**YOUR INSTRUCTIONS**
Given the entries below, would you transcribe exactly the lines starting at the one with "Volet à lames" and ending at the one with "Posizione della spiaggia", both kept, pictures omitted, nothing extra?

**SOURCE DATA**
********************

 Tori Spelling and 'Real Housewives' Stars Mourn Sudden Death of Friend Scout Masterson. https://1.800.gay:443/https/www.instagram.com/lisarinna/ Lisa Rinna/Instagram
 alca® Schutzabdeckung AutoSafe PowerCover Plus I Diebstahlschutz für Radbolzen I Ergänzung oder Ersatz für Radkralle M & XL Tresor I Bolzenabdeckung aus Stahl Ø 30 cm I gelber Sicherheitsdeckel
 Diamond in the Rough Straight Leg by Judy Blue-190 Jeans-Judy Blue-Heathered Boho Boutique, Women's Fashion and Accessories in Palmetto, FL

********************

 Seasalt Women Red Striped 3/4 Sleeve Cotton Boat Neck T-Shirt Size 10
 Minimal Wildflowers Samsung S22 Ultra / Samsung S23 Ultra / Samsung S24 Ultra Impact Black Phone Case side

********************

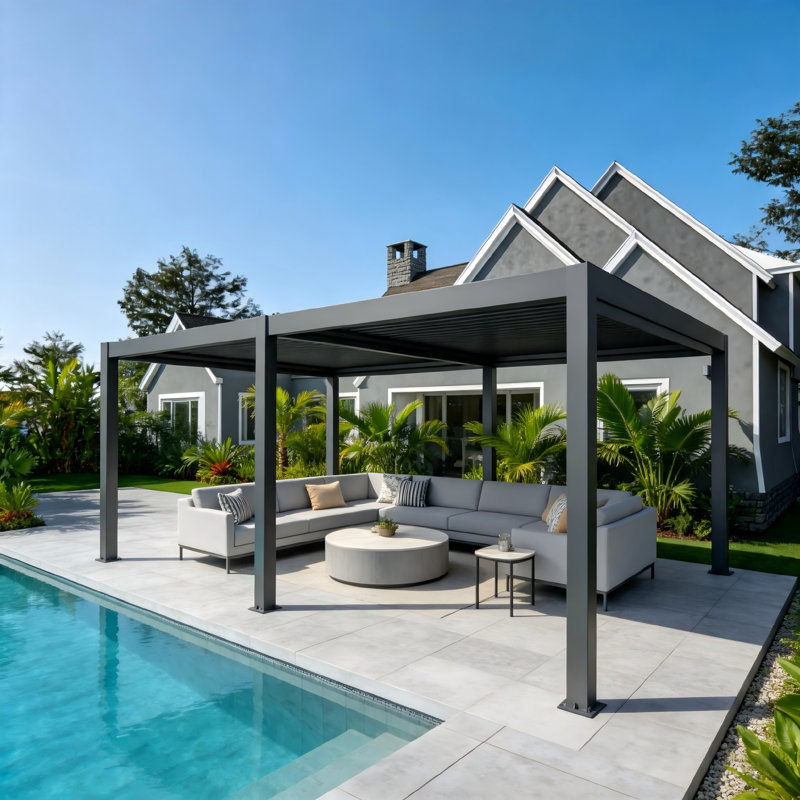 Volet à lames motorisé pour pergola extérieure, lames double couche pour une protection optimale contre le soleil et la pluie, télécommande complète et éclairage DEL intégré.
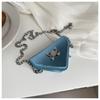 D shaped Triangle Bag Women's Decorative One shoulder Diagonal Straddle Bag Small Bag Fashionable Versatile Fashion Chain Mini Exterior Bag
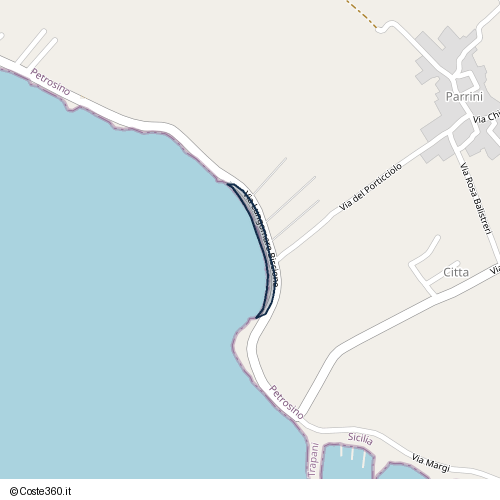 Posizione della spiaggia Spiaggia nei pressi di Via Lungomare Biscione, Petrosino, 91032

********************

**SOLVED EXERCISE**
 Volet à lames motorisé pour pergola extérieure, lames double couche pour une protection optimale contre le soleil et la pluie, télécommande complète et éclairage DEL intégré.
 D shaped Triangle Bag Women's Decorative One shoulder Diagonal Straddle Bag Small Bag Fashionable Versatile Fashion Chain Mini Exterior Bag
 Posizione della spiaggia Spiaggia nei pressi di Via Lungomare Biscione, Petrosino, 91032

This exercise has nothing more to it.